Urgent action is needed to address the immediate risks to domestic food production, and protect the interests of both consumers and producers in the UK.

NFU Scotland this week spelled out what the UK Government, Scottish Government, processors, retailers and the banking sector can do right now to shore up the industries that keep the country fed.

The union stressed that, while the focus must be on supporting Ukraine, the ramifications of the conflict in the region would challenge supply chains and economies far away from the fighting, and Scotland’s farmers and crofters wanted to address the growing concerns around food security at home.

Inflationary pressures and market volatility have been building to 'exceptional' levels, said the union, which warned that businesses needed stability to maintain their capacity to produce food.

To achieve that, NFU Scotland has asked the UK Government to:

  • Reduce the duty on red diesel to zero to address the rapid increase in fuel prices for agricultural operations;
  • Address rising energy costs via a price cap on wholesale gas, not least to ensure the continuity of domestic fertiliser production;
  • Consider all immigration policy options to encourage seasonal and permanent staff to meet the needs of the entire food supply chain.

NFUS asked the Scottish Government to:

  • Roll out Track 1 of the National Test Programme with utmost urgency. Introducing soil testing and nutrient management planning will enable all farmers and crofters to be more input (nutrient) efficient;
  • Commit greater funding to the Sustainable Agricultural Capital Grant Scheme to assist farmers to use resources more efficiently;
  • Temporarily suspend the Ecological Focus Areas (EFAs) component of the 2022 Greening requirements to bring additional arable land back into productive use – with a focus on EFA fallow land being used for nitrogen-fixing protein crops.
  • Implement a rapid (and continuous) food production impact assessment of all existing and new legislation and policy affecting agricultural land use and practice;
  • To make such Food Security Impact Assessments an immediate requirement of any application for largescale forestry expansion on productive agricultural land.

Processors and Retailers were asked to:

  • Introduce a ‘cost tracker’ element to pricing Scottish and/or British produce that recognises the rapid price inflation on key inputs at farm level;
  • Commit to buying Scottish and/or British produce wherever possible to safeguard continuity of domestic food production.

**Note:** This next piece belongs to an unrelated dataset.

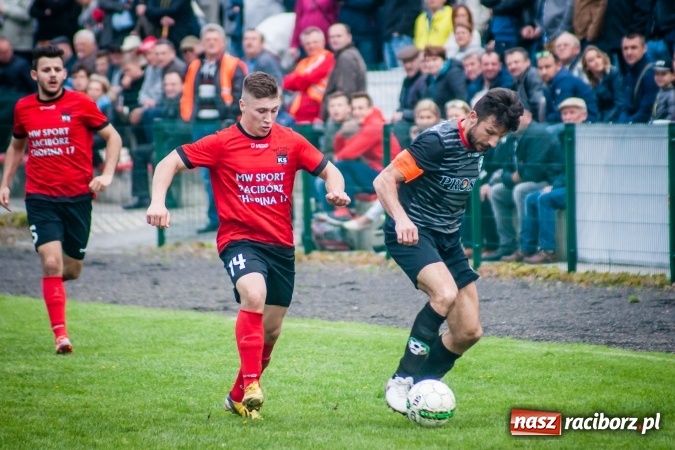 Zdjęcie w galerii na portalu naszraciborz.pl: Derby powiatu: Rzuty wolne tajną bronią Tworkowa wiadomości z regionu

And finally, banks were asked to:

  • 'Lend with agility' to provide farm businesses with flexible repayments and terms to ensure cash flow is maintained in the face of extreme volatility.

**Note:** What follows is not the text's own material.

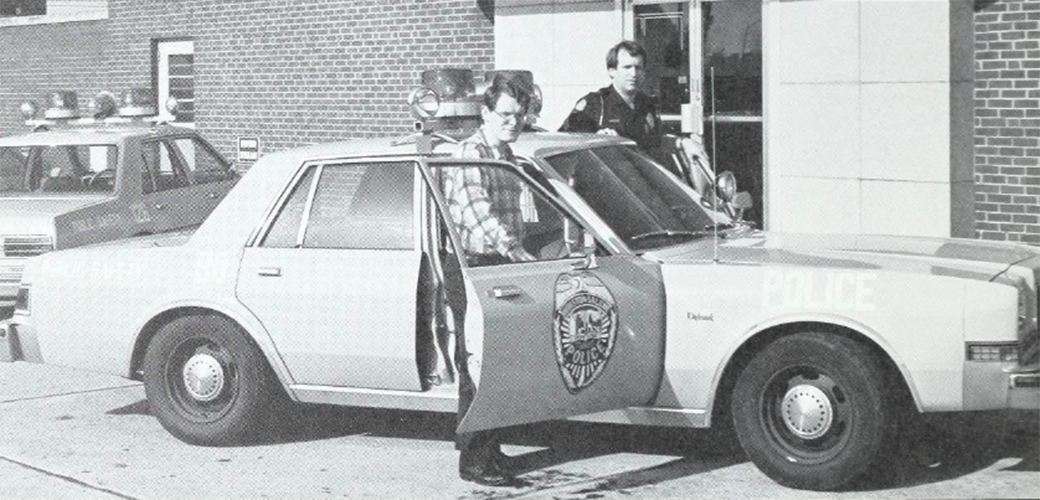Part of the clinic experience requires students to spend one shift with the Winston-Salem Police Department. In 1983, Bill Hamby Jr. (JD ’83) joined Sgt. Steve Newsome for a ride along.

Using industry sources, the union is tracking the price of four key agricultural inputs – ammonium nitrate fertiliser; red diesel; feed wheat and feed barley. Current quotes for ammonium nitrate fertiliser – where it is available – are in excess of £900 per tonne. In March 2021, the average price was £271 per tonne.

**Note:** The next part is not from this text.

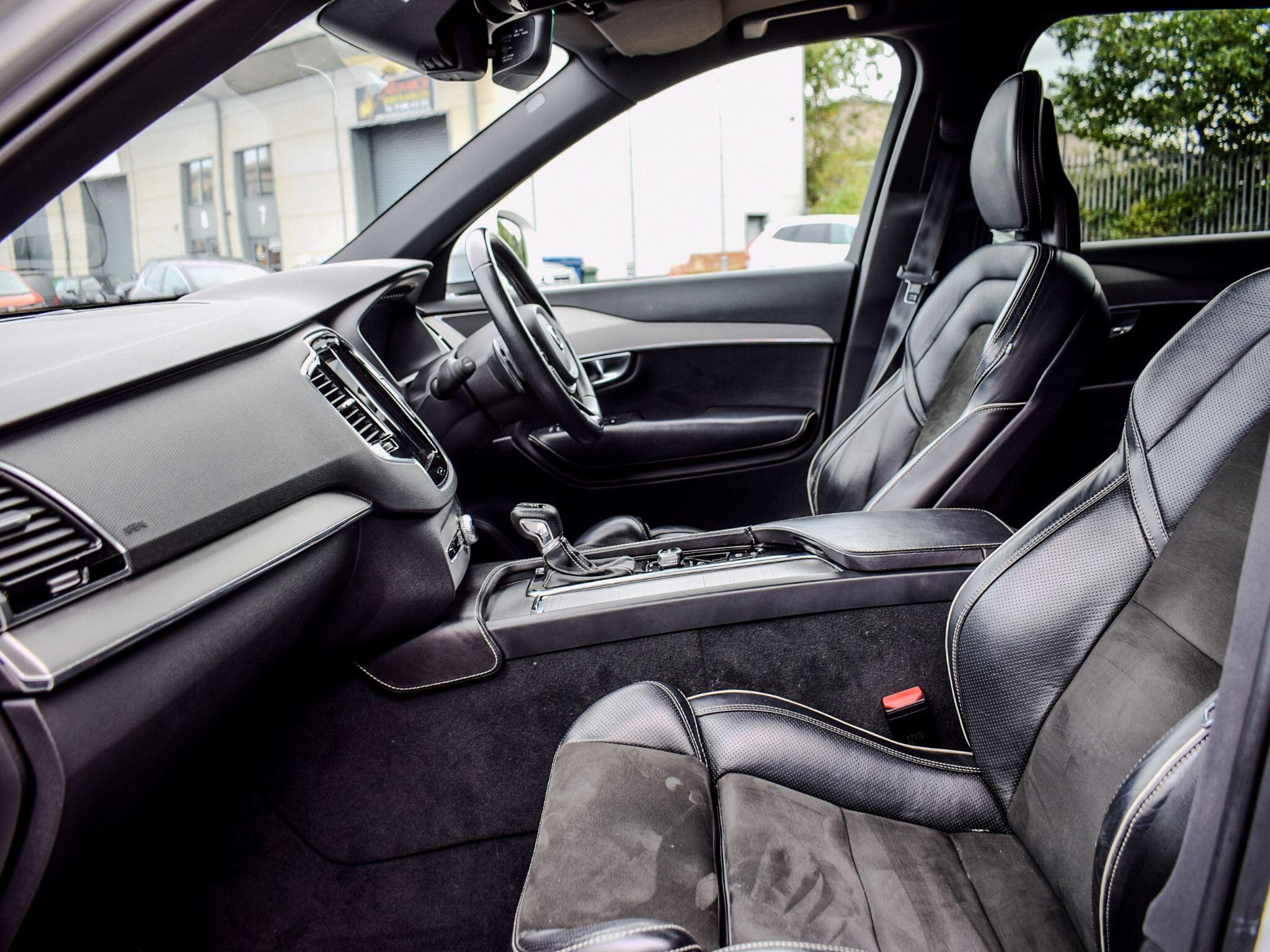 Volvo XC90 view 13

On red diesel, farmers can order supplies for delivery but many will only have the price confirmed at time of delivery. Current average price for March 2022 delivery is 137p per litre. The average price in March 2021 was 60p per litre.

The average feed barley price ex-farm for March 2022 is £280 per tonne. The equivalent price in March 2021 was £162 per tonne. The average feed wheat price ex-farm on March 14 was quoted at £295 per tonne. The equivalent price in March 2021 was £203 per tonne.